Task directions: Retype each entry exactly. Skip any pictures.

Exercise materials:
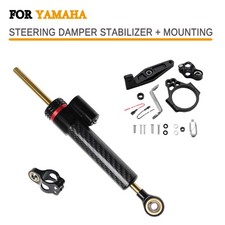 Estabilizador de amortecedor de direção 255mm com kit de montagem para Yamaha MT-09/SP 2021-2023 comprar usado  Enviando para Brazil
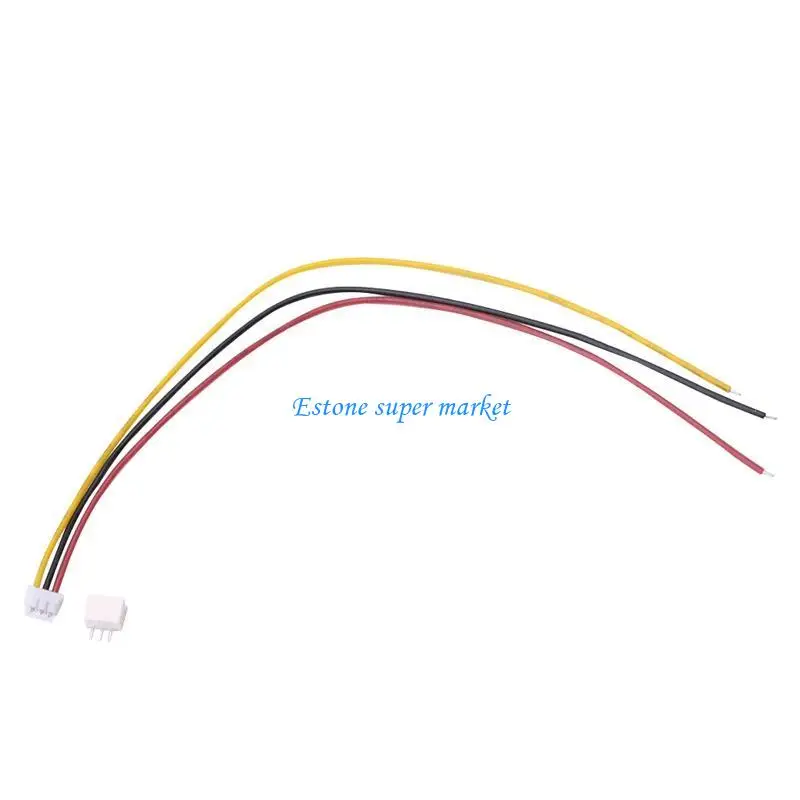 

090B JST 1.5mm ZH 3-Pin Female Connector with Wire and Male connector x 10 SETS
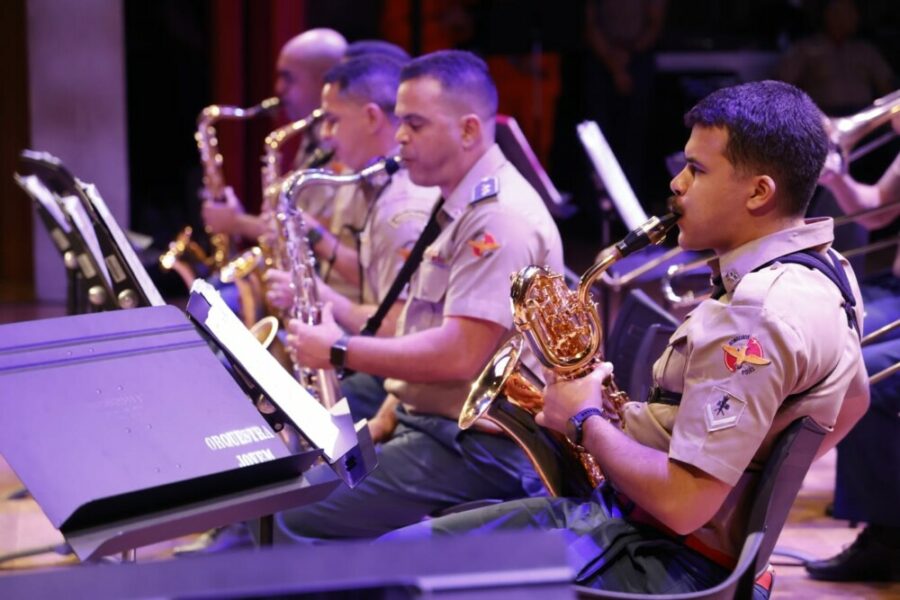 Apresentação Musical do CBMGO celebra 36 anos de emancipação no Teatro Basileu França na segunda feira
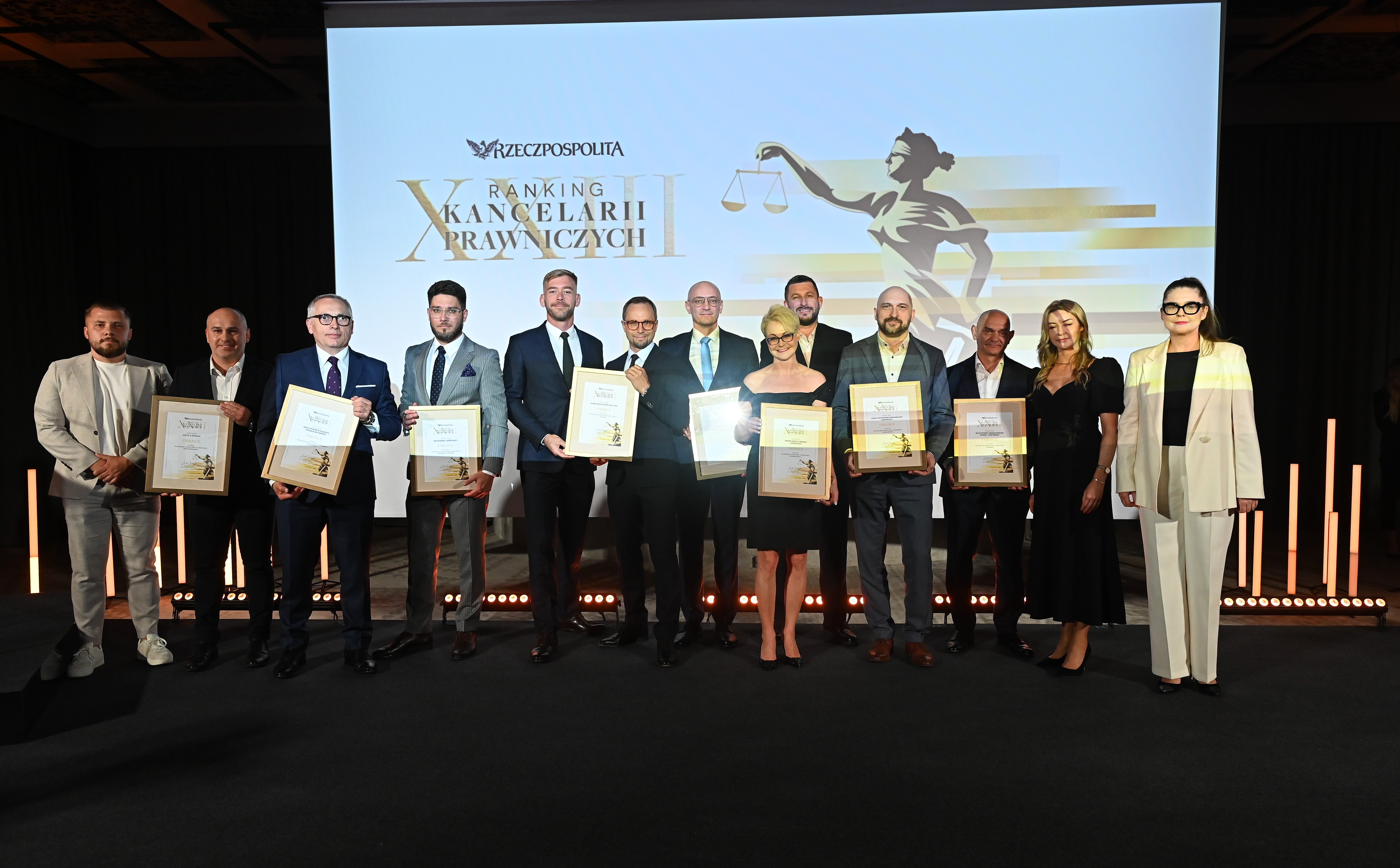 Ranking kancelarii prawniczych 2025. Znamy zwycięzców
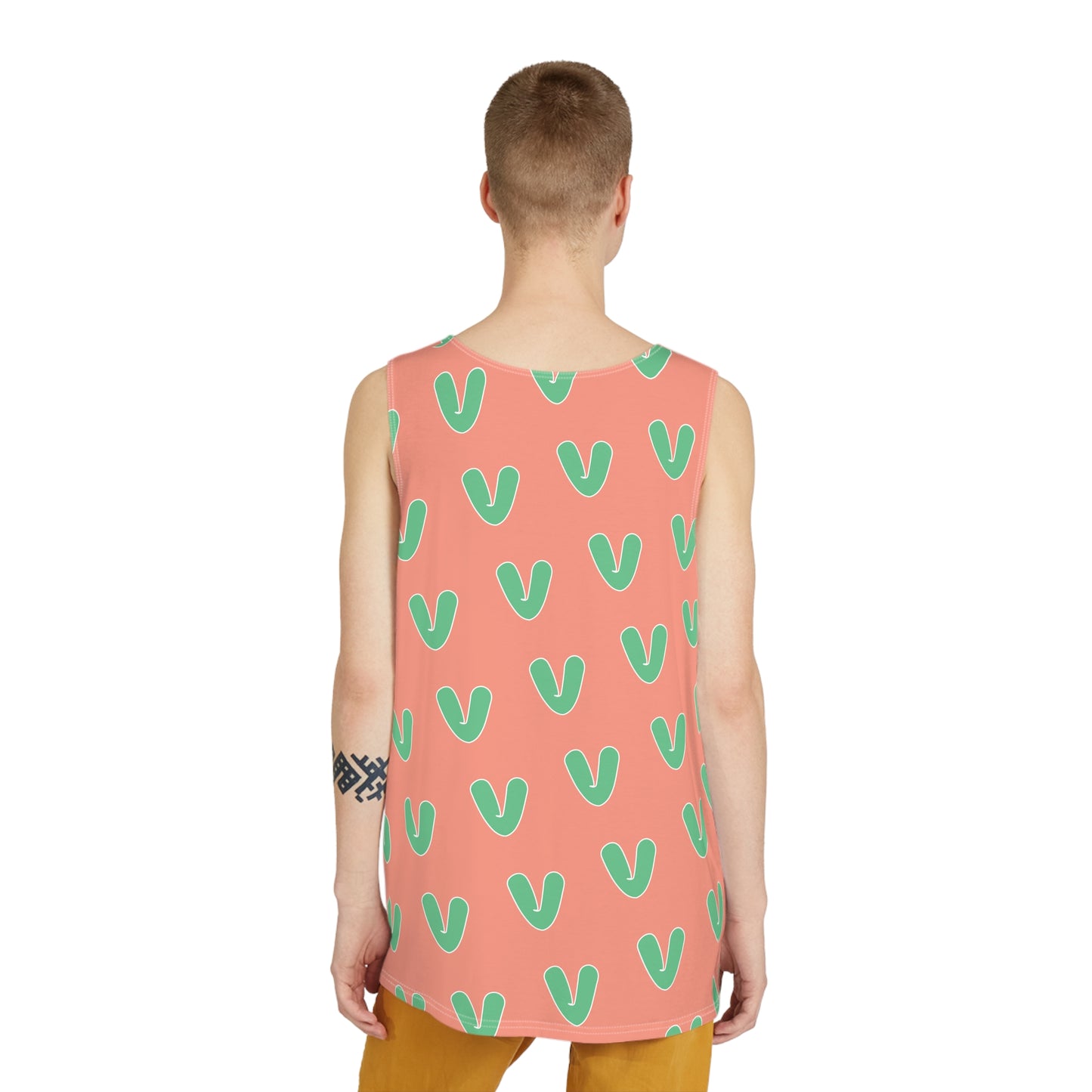 Vivid Vibes Festival Vibin' Men's Tank Top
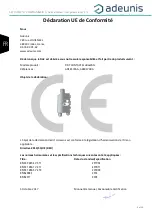 Предварительный просмотр 8 страницы Adeunis RF ARF8170AA User Manual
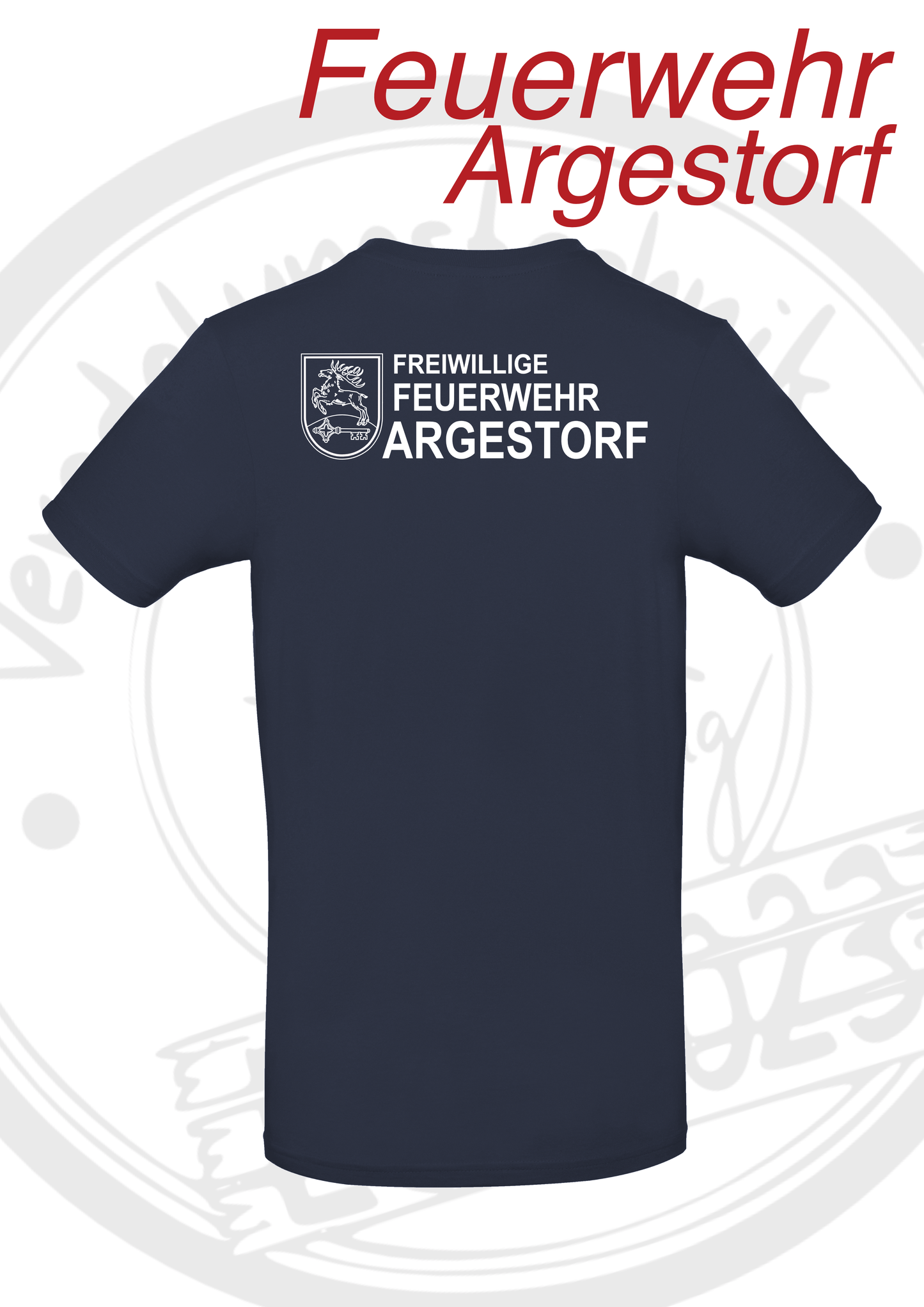 T Shirt Feuerwehr Argestorf (Herren)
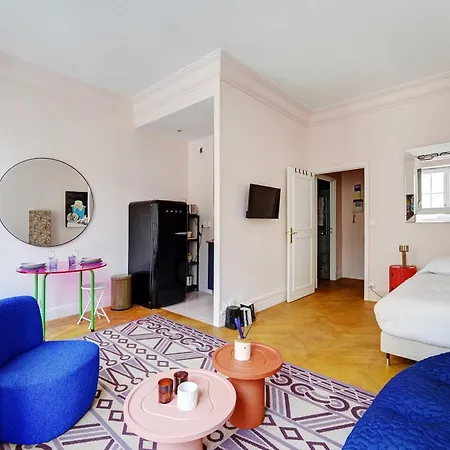 Spacious Studio - 2P 43M² - Montorgueil Louvre *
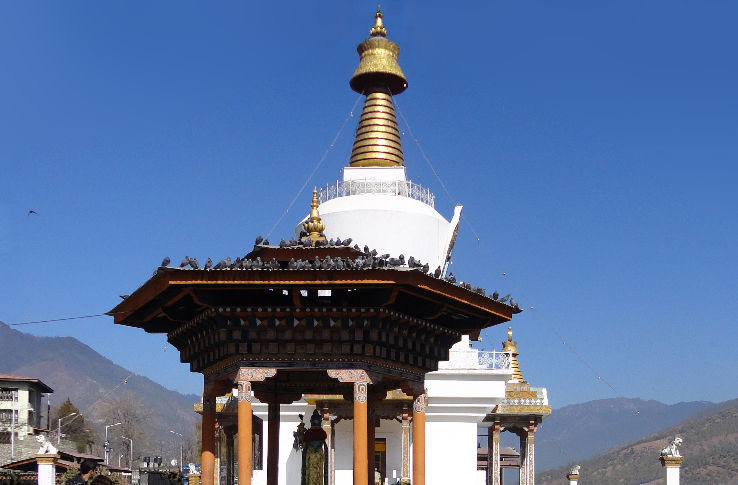 Memorial Chorten Trip Packages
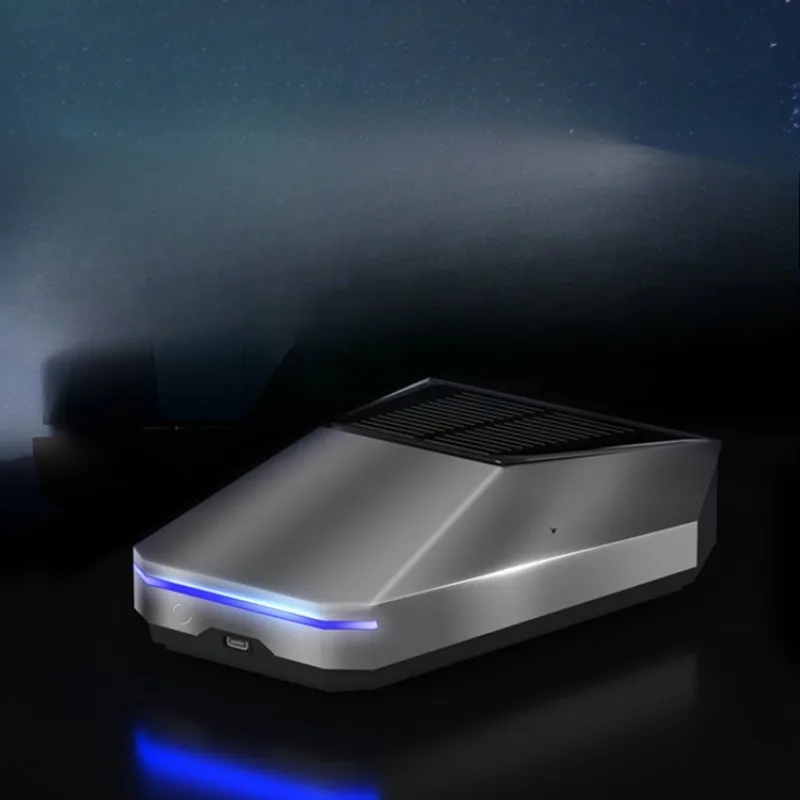 Car aromatherapy machine Cyber pickup aromatherapy ornament solar car perfume negative ion purifier holiday gift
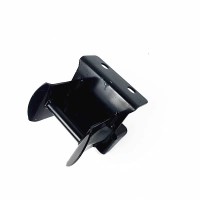 德龍X3000駕駛室液壓鎖上鎖座翻轉(zhuǎn)鎖支架固定座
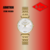 Reloj para Dama Lee Cooper - Color Dorado, Tema Blanco LC06869.130-NL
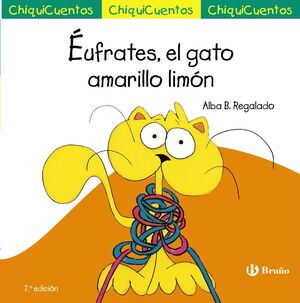 CHIQUICUENTO 22. ÉUFRATES, EL GATO AMARILLO LIMÓN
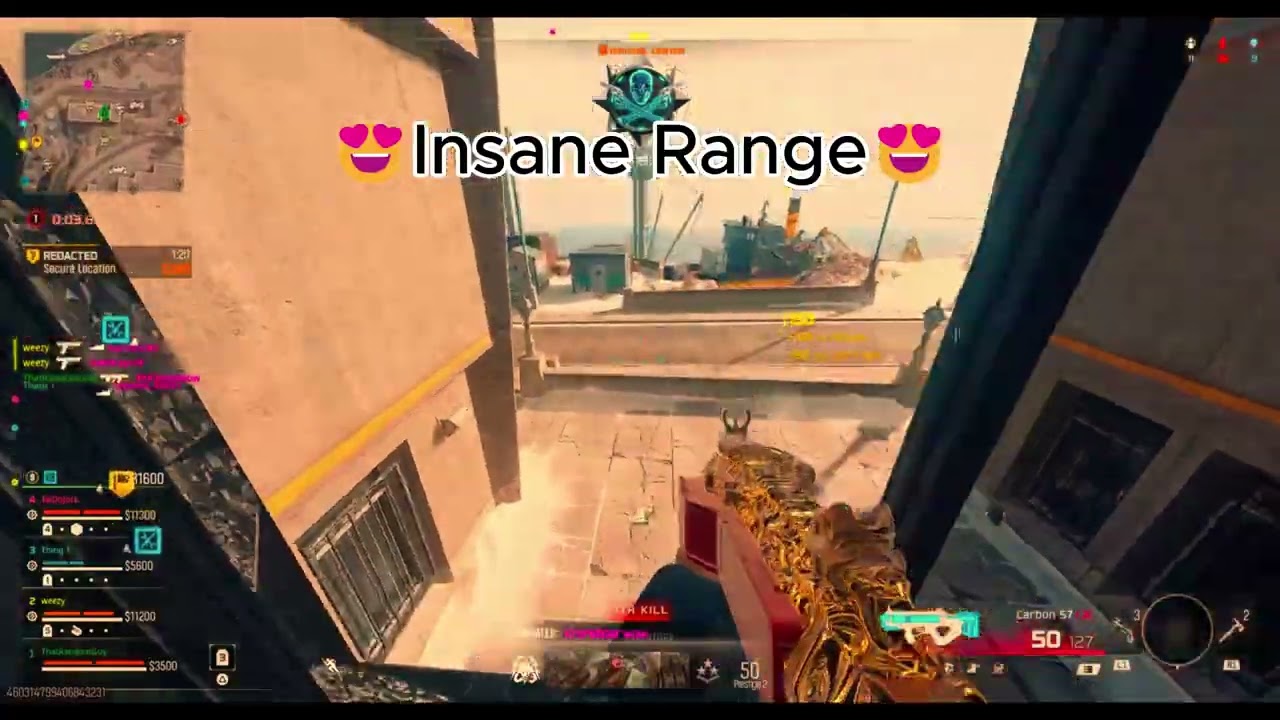 Season 4 META CARBON #fyp  #warzone #cod #metaloadout #season4 #aura #callofduty #loadout #meta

Task output:
 Estabilizador de amortecedor de direção 255mm com kit de montagem para Yamaha MT-09/SP 2021-2023 comprar usado  Enviando para Brazil

090B JST 1.5mm ZH 3-Pin Female Connector with Wire and Male connector x 10 SETS
 Apresentação Musical do CBMGO celebra 36 anos de emancipação no Teatro Basileu França na segunda feira
 Ranking kancelarii prawniczych 2025. Znamy zwycięzców
 Vivid Vibes Festival Vibin' Men's Tank Top
 Предварительный просмотр 8 страницы Adeunis RF ARF8170AA User Manual
 T Shirt Feuerwehr Argestorf (Herren)
 Spacious Studio - 2P 43M² - Montorgueil Louvre *
 Memorial Chorten Trip Packages
 Car aromatherapy machine Cyber pickup aromatherapy ornament solar car perfume negative ion purifier holiday gift
 德龍X3000駕駛室液壓鎖上鎖座翻轉(zhuǎn)鎖支架固定座
 Reloj para Dama Lee Cooper - Color Dorado, Tema Blanco LC06869.130-NL
 CHIQUICUENTO 22. ÉUFRATES, EL GATO AMARILLO LIMÓN
 Season 4 META CARBON #fyp  #warzone #cod #metaloadout #season4 #aura #callofduty #loadout #meta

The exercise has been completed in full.